Gather all lines from the material that contain the word "Road".

__________

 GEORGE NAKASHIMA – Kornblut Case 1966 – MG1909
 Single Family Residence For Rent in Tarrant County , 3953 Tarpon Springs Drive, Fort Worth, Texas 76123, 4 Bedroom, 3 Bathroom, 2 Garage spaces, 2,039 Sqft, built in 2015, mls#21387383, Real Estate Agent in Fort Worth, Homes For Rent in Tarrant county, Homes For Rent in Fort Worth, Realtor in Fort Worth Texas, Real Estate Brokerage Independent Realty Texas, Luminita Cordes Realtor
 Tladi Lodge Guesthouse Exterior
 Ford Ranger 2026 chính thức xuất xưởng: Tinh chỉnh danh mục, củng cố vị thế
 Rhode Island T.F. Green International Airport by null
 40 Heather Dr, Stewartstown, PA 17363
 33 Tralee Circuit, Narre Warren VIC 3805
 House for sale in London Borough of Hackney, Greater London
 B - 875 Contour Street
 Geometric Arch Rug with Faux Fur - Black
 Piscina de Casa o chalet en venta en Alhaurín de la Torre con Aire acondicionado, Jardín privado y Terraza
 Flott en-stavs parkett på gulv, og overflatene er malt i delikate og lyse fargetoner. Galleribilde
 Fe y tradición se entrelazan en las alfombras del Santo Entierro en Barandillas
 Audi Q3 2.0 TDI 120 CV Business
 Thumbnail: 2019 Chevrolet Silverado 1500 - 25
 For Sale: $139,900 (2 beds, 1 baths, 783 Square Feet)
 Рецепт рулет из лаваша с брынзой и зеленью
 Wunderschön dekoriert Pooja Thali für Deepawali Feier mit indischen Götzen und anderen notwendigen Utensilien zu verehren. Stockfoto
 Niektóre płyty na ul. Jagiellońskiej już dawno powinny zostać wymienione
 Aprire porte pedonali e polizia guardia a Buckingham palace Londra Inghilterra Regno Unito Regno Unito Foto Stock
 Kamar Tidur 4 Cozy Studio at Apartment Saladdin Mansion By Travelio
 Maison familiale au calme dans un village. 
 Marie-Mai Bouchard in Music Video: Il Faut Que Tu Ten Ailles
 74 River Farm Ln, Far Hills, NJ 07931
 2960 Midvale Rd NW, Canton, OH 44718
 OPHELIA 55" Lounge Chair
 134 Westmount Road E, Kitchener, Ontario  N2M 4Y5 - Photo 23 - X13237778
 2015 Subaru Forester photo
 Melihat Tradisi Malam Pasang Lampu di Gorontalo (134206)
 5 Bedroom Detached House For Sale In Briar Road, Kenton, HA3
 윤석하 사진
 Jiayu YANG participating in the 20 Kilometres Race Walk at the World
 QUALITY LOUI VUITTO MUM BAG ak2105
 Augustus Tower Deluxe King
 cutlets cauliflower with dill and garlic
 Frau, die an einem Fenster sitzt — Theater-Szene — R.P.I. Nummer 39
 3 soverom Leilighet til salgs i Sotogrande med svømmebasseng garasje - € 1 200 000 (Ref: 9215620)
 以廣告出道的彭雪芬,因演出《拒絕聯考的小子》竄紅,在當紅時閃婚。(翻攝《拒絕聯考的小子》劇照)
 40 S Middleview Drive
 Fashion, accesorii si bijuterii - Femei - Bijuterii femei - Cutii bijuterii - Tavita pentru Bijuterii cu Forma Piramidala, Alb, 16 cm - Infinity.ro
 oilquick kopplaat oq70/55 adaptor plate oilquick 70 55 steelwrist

__________

§ TASK OUTPUT
 134 Westmount Road E, Kitchener, Ontario  N2M 4Y5 - Photo 23 - X13237778
 5 Bedroom Detached House For Sale In Briar Road, Kenton, HA3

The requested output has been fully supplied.